A questão da violência urbana e o instituto da prisão perpétua.

Autor
Sibá Machado (PT - Partido dos Trabalhadores/AC)
Nome completo: Sebastião Machado Oliveira
Casa
Senado Federal
Tipo
Discurso
Resumo por assunto
SEGURANÇA PUBLICA.:
  • A questão da violência urbana e o instituto da prisão perpétua.
Publicação
Publicação no DSF de 24/06/2006 - Página 21475
Assunto
Outros > SEGURANÇA PUBLICA.
Indexação
  • ANALISE, CONCEITO, SEGURANÇA PUBLICA, CIDADANIA, REPUDIO, AMEAÇA, CIDADÃO, FAMILIA, RESPEITO, DIREITOS HUMANOS, DEBATE, COMPLEMENTAÇÃO, REPRESSÃO, PREVENÇÃO.
  • QUESTIONAMENTO, AUSENCIA, VALORIZAÇÃO, TRABALHO, POLICIAL, AUMENTO, DEMANDA, PUNIÇÃO, CRIME, GRAVIDADE, SITUAÇÃO, ESTADO DE SÃO PAULO (SP), VIOLENCIA, COMANDO, CRIME ORGANIZADO, DEBATE, NECESSIDADE, ISOLAMENTO, LIDER, PROIBIÇÃO, TELEFONE CELULAR, RESTRIÇÃO, ATUAÇÃO, ADVOGADO, ANALISE, ETICA, UTILIZAÇÃO, ESPIONAGEM, IMPORTANCIA, SEPARAÇÃO, PRESIDIO, IMPLEMENTAÇÃO, PRISÃO PERPETUA.

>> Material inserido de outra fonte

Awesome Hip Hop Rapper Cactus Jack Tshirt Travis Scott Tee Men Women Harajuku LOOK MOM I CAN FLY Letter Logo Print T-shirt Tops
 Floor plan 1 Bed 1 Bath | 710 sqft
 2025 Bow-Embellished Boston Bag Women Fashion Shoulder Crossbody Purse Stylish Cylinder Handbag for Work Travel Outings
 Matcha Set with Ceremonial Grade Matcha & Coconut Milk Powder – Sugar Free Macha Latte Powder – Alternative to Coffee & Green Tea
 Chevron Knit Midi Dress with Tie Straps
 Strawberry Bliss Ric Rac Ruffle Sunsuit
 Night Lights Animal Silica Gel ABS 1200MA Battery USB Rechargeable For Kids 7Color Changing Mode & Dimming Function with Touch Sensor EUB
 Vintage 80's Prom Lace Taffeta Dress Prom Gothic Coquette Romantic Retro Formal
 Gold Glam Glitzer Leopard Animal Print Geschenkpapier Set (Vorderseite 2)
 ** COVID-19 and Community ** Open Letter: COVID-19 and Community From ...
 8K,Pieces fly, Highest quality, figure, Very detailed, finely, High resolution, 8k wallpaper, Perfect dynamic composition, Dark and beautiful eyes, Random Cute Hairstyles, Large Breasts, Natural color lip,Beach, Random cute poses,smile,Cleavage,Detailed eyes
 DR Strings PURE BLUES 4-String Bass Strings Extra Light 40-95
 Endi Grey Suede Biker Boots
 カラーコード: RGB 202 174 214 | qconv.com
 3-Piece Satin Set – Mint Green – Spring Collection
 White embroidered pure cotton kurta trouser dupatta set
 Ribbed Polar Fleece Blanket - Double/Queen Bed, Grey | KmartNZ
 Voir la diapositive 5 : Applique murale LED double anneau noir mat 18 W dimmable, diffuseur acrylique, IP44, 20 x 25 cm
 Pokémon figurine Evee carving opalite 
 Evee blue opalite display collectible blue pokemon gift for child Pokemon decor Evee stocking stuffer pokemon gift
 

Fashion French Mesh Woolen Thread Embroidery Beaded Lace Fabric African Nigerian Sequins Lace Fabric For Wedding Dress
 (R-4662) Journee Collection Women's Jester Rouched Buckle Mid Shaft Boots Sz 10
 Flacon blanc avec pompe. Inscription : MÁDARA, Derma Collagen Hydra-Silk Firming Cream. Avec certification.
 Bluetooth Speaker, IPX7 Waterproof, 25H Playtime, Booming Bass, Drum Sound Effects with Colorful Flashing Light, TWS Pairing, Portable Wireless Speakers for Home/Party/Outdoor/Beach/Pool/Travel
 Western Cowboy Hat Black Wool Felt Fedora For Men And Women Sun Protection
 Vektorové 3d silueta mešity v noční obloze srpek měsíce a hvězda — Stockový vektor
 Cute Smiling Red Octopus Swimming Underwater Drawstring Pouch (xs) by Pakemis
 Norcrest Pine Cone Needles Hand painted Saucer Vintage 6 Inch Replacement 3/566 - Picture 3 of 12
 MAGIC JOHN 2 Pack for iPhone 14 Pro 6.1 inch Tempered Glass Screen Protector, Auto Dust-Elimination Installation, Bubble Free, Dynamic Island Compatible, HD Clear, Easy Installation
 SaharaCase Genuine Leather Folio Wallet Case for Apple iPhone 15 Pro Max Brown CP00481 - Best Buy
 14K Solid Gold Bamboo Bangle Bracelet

O SR. SIBÁ MACHADO (Bloco/PT - AC. Pronuncia o seguinte discurso. Sem revisão do orador.) - Srª Presidente, Senadora Heloísa Helena, Srs. Senadores, quanto aos episódios que ocorreram nos Estados de São Paulo, Paraná e Mato Grosso do Sul, capitaneados pelo PCC, no meu entendimento, não tivemos talvez tempo para fazermos uma reflexão um pouco mais acurada sobre o problema. Por isso, eu gostaria de tecer algumas opiniões, Srª Presidenta, a respeito da violência urbana e segurança pública.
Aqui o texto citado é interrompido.